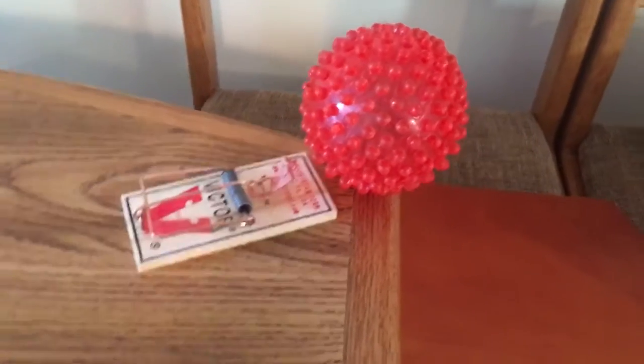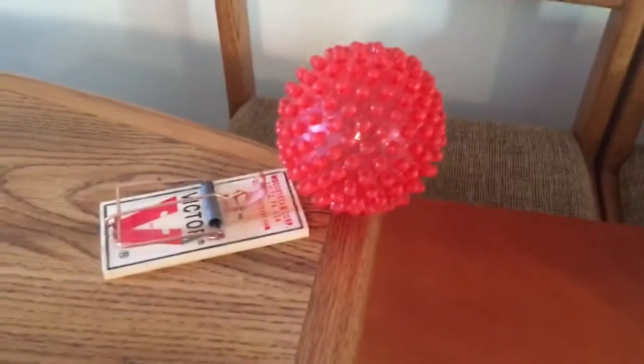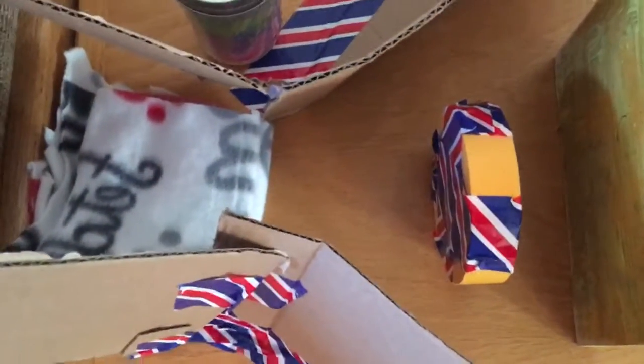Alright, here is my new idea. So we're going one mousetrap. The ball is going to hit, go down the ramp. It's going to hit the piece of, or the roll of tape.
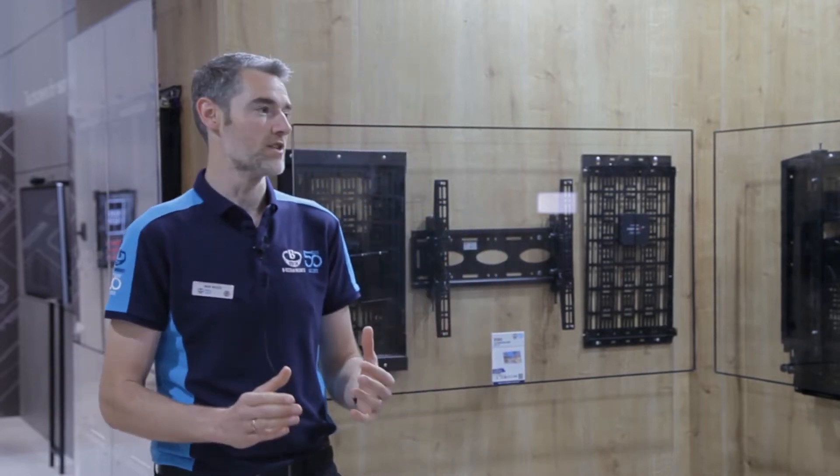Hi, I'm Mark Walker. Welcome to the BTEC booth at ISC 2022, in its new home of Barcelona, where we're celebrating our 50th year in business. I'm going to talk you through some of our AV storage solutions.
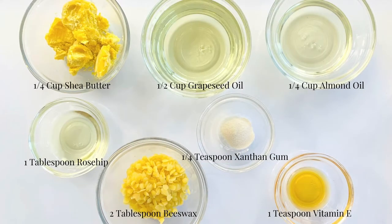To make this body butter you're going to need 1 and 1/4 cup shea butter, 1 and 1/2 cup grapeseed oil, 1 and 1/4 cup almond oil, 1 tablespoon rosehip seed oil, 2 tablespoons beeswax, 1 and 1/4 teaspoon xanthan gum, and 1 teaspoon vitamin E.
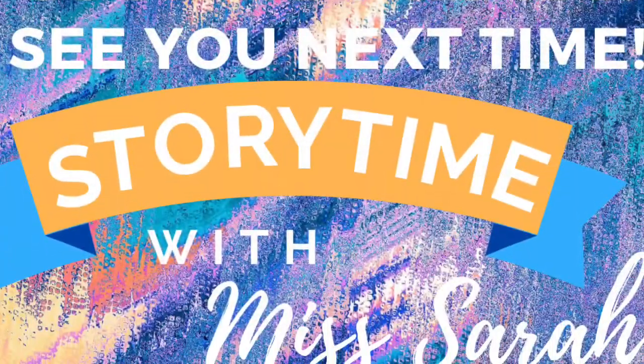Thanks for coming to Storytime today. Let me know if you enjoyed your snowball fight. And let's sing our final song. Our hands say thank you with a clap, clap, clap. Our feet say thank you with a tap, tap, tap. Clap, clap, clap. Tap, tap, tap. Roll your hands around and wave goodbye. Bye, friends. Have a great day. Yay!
==============================
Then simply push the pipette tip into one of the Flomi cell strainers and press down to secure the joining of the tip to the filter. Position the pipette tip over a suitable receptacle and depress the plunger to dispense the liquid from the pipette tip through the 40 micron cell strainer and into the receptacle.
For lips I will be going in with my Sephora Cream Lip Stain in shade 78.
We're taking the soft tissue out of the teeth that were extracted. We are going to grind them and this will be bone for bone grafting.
==============================
Copy the lines above between the one holding "To make this" and the one holding "Thanks for coming", inclusive. Drop the pictures.

To make this body butter you're going to need 1 and 1/4 cup shea butter, 1 and 1/2 cup grapeseed oil, 1 and 1/4 cup almond oil, 1 tablespoon rosehip seed oil, 2 tablespoons beeswax, 1 and 1/4 teaspoon xanthan gum, and 1 teaspoon vitamin E.
Thanks for coming to Storytime today. Let me know if you enjoyed your snowball fight. And let's sing our final song. Our hands say thank you with a clap, clap, clap. Our feet say thank you with a tap, tap, tap. Clap, clap, clap. Tap, tap, tap. Roll your hands around and wave goodbye. Bye, friends. Have a great day. Yay!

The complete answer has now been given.